Mocenigo quer aprender a arte da profecia, e Giordano explica a diferença entre a magia natural e a magia negra, "coisa de charlatões". Bruno pratica a magia natural, e não a bruxaria. Ao ensinar a arte da memória, ele pretende transmitir uma forma rápida de conhecer o mundo, oferecendo instrumentos para nele operar. Se o homem é a imagem do universo em miniatura, é através da imaginação e da memória que se podem atingir as verdades ocultas do universo, e não há bruxaria alguma nisso. Não à toa, o filme mostra Giordano manipulando cartas semelhantes ao Tarot de Marselha. Afinal, o Tarot é também parte da arte mnemônica e Giordano, como outros filósofos naturais interessados na construção de sistemas lógicos e simbólicos, acabaria por desenhar o seu próprio jogo de cartas, composto por 67 figuras e 48 imagens arquetípicas do Zodiáco e de demônios decanos. Giordano só pode ensinar a arte da memória: Mocenigo se revolta, e denuncia Bruno à Igreja de Veneza que, em função da pressão de Roma, para lá o envia.
Giordano Bruno reproduz o período de inquisição do filósofo: são mais de sete anos em cárcere privado, com interrogatórios constantes e torturas. O Santo Ofício está dividido, e nem todos estão de acordo com a punição a Giordano. Ao final, prevalece a ala mais conservadora: Giordano é condenado por escrever contra o Papa e a Igreja, colocar em dúvida a virgindade de Maria, negar a transubstanciação da carne, afirmar que Cristo era apenas um mago, defender a existência de mundos inúmeros e eternos, afirmar que a Terra gira em torno do Sol, crer na reencarnação e não no inferno, e defender a magia como prática lícita. Incapaz de assumir a ordem de execução, o Santo Ofício transfere a responsabilidade para o braço secular de Roma. Afinal, "a Igreja não permite derramamento de sangue".

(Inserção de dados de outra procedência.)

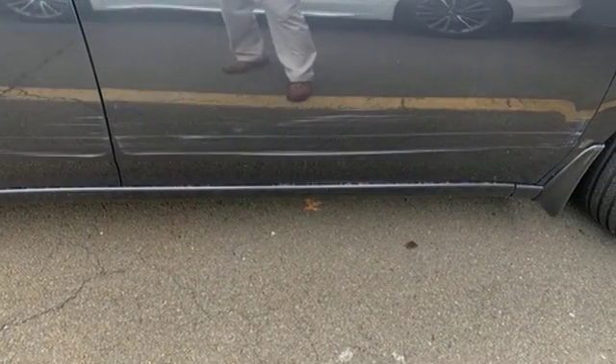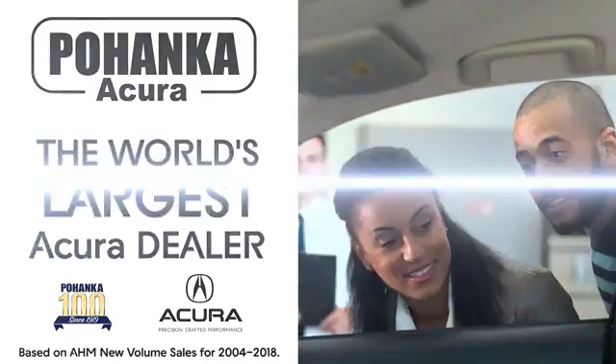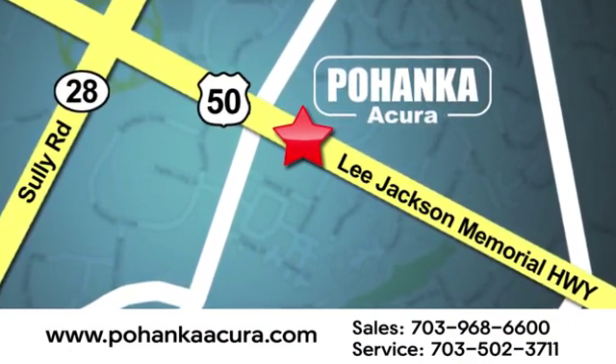The time is now. See it for yourself today. Pohanka Acura is a great place to buy a car. We're conveniently located at 13911 Lee Jackson Memorial Highway, Route 50, in Chantilly.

O Santo Ofício lhe oferece a vida em troca de uma retratação pública. Giordano já abjurara em Veneza, na esperança de poder continuar escrevendo e transitando livremente. Em Roma, porém, abjurar significa enterrar-se vivo. Ele rejeita a concessão. "Não devo crer que deva desprezar a vida. Ou que não tenha medo. Contra a loucura do sangue e da morte, a natureza grita em voz alta que a matéria e Formas não devem temer a morte, por que matéria e Formas são princípios constantes. A eternidade do Todo compreende o Universo. E é tudo e de todos. Em todos os lugares e pontos. E eu amo a vida". Sua morte não encerra uma existência anacrônica. Não por estar adiante do seu tempo, mas por pertencer a ele, Giordano é amordaçado, e queimado vivo.